Design and engineering mgmt rules

The various engineering industries seem to each have their own set of rules of thumb, collected from great minds and scraped from millenia of collective experience. Sometimes tongue-in-cheek, these are all about overcoming unique technical and nontechnical challenges. Occasionally they veer into the specific, but viewed as a whole, they can be seen as a set of philosophies for developing systems that consistently produce working designs.

Conveniently, building a high-functioning FRC team is also about developing systems that consistently produce working designs. As such, many of these rules are applicable to FRC.

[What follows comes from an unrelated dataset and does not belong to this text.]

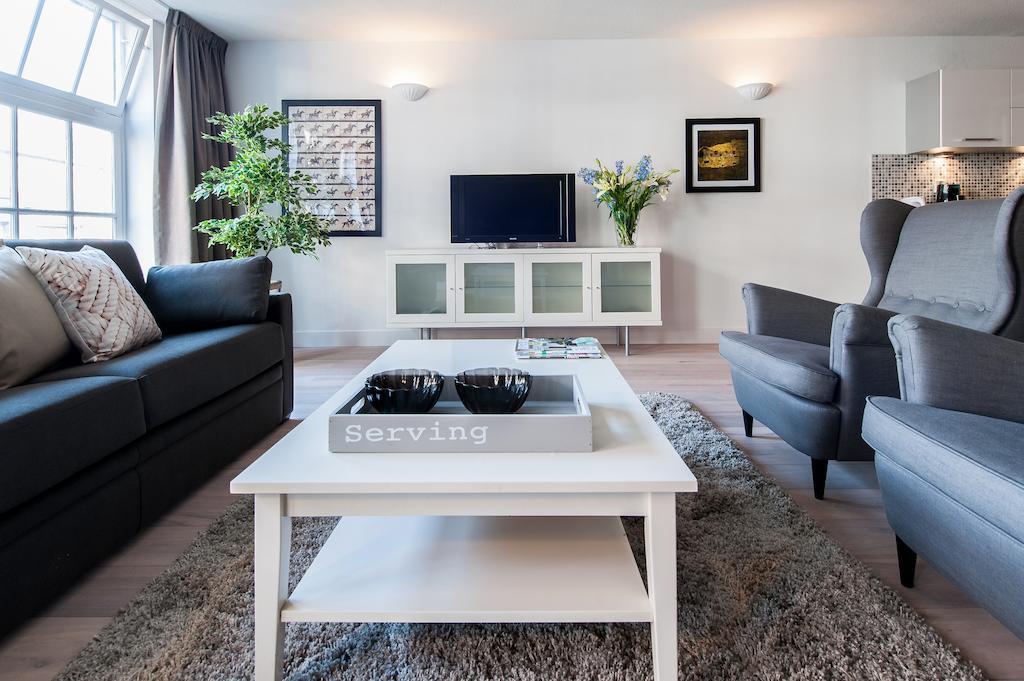 Short Stay Group Staalmeesters Serviced Apartments Amsterdam Zimmer foto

Kelly Johnson, famed Lockheed systems and aeronautical engineer, developed his 14 Rules of management which he used to run Skunk Works for decades:

  • A very simple drawing and drawing release system with great flexibility for making changes must be provided.
  • There must be a minimum number of reports required, but important work must be recorded thoroughly.
  • Push more basic inspection responsibility back to [the people making the parts]. Don’t duplicate so much inspection.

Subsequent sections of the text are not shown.